Question 801: All of the following about thiopentone are true except which one?

A. It has anticonvulsant action
B. It can cause reflex tachycardia
C. IV injection is painless (Correct Answer)
D. It decreases ICP

Explanation: ***IV injection is painless*** - Thiopentone is a **barbiturate anesthetic** that is known to cause **pain on injection** due to its **alkaline pH** and propensity to cause local irritation. - This characteristic makes the statement that its IV injection is painless incorrect, as pain and venous irritation are common side effects. *It decreases ICP* - Thiopentone, like other barbiturates, causes **cerebral vasoconstriction**, leading to a decrease in **cerebral blood flow** and **intracranial pressure (ICP)**, making it useful in neurosurgical settings. - This effect is due to a reduction in **cerebral metabolic rate for oxygen (CMRO2)**, which couples with cerebral blood flow. *It has anticonvulsant action* - Thiopentone is a potent **anticonvulsant** because it enhances the inhibitory effects of **GABA** in the central nervous system, which helps to suppress seizure activity. - It is used to terminate **status epilepticus** that is refractory to other treatments. *It can cause reflex tachycardia* - Thiopentone can cause **peripheral vasodilation** and a decrease in **blood pressure**, which may trigger a **reflex tachycardia** as the body attempts to compensate for the reduced systemic vascular resistance. - This effect is generally mild but can be more pronounced in hypovolemic patients or at higher doses.

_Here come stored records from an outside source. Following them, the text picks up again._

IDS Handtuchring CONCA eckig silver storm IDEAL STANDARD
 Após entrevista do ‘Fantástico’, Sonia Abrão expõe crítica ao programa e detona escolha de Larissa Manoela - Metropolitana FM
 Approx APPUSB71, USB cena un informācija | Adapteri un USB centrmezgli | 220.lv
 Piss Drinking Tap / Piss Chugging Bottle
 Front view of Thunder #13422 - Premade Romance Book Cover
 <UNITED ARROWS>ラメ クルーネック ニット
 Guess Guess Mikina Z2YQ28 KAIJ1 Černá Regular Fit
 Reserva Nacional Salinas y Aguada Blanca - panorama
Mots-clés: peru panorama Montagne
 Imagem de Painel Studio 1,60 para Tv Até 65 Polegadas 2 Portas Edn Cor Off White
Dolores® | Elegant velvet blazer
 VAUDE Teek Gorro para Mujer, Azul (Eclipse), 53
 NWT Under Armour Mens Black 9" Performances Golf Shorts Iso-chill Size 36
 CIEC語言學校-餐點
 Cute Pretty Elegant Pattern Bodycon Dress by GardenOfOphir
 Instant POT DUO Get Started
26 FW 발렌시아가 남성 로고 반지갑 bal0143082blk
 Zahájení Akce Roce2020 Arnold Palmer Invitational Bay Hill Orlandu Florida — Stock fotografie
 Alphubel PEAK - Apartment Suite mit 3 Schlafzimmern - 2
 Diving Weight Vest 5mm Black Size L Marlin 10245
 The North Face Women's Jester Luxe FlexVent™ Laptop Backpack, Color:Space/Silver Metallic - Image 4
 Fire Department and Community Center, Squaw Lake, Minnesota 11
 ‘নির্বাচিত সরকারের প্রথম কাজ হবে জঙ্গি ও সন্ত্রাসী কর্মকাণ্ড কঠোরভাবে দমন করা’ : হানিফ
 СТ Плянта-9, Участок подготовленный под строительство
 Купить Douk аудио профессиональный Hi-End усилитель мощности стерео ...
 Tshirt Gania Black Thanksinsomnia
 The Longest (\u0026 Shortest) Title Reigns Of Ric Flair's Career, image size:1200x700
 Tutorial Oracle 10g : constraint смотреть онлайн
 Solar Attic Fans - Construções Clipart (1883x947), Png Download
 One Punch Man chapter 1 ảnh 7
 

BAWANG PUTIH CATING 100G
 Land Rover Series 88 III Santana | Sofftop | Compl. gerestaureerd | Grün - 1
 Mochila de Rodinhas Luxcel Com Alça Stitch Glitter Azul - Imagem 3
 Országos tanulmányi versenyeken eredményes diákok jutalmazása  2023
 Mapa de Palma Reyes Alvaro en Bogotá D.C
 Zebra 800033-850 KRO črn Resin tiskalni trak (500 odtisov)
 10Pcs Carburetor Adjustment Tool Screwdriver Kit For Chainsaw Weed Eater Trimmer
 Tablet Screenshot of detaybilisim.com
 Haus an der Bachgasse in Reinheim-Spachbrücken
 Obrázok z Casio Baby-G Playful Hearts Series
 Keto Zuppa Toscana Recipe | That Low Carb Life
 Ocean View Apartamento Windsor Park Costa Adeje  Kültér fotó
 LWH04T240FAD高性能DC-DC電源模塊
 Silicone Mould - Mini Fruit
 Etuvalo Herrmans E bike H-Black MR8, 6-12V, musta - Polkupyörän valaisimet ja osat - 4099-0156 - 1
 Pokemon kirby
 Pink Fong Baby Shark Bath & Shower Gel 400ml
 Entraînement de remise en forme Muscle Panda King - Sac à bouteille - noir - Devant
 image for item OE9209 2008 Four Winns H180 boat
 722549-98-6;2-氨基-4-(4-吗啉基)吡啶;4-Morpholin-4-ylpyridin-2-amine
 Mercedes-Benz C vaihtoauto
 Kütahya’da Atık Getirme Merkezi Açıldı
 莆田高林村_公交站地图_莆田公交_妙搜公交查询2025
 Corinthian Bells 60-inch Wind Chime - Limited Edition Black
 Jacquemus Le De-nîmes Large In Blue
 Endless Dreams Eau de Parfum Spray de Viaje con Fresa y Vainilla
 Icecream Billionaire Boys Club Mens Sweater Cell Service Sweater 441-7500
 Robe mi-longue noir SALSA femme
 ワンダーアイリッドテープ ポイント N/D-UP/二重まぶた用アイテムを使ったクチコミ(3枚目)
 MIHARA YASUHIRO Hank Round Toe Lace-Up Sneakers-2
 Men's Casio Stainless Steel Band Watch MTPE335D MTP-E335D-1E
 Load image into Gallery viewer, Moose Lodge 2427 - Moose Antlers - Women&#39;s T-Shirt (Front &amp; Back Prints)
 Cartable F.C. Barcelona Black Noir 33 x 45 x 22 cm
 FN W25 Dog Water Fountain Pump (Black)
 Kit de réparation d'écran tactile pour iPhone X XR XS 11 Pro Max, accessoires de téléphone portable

Question 802: What condition results from the increased sensitivity of dopamine receptors following chronic dopamine receptor blockade?

A. Dyskinesia (Correct Answer)
B. Hyperphagia
C. Hyperpathia
D. Hypomania

Explanation: ***Tardive Dyskinesia*** - **Chronic dopamine receptor blockade**, often observed with long-term use of **antipsychotics**, leads to an **upregulation** of dopamine receptors. - This **increased sensitivity** to dopamine can result in **involuntary movements** such as **tardive dyskinesia** when dopamine levels fluctuate or the blockade is partially overcome. *Hyperphagia* - This refers to abnormally **increased appetite or consumption of food**, which is a general symptom and not specifically linked to the mechanism described. - While some medications affecting dopamine can influence appetite, **hyperphagia** is not the direct result of increased dopamine receptor sensitivity post-blockade. *Hyperpathia* - This describes an **abnormally painful reaction to a stimulus**, especially a repetitive one, and an elevated pain threshold. - It is a **neuropathic pain syndrome** and is not directly related to changes in dopamine receptor sensitivity. *Hypomania* - Hypomania is a **mood state** characterized by persistent elevated, expansive, or irritable mood, and increased activity or energy, less severe than mania. - While dopamine pathways are involved in mood regulation, **hypomania** is not a direct consequence of increased sensitivity of dopamine receptors following chronic blockade.

Question 803: Withdrawal of which of the following substances is most commonly associated with piloerection?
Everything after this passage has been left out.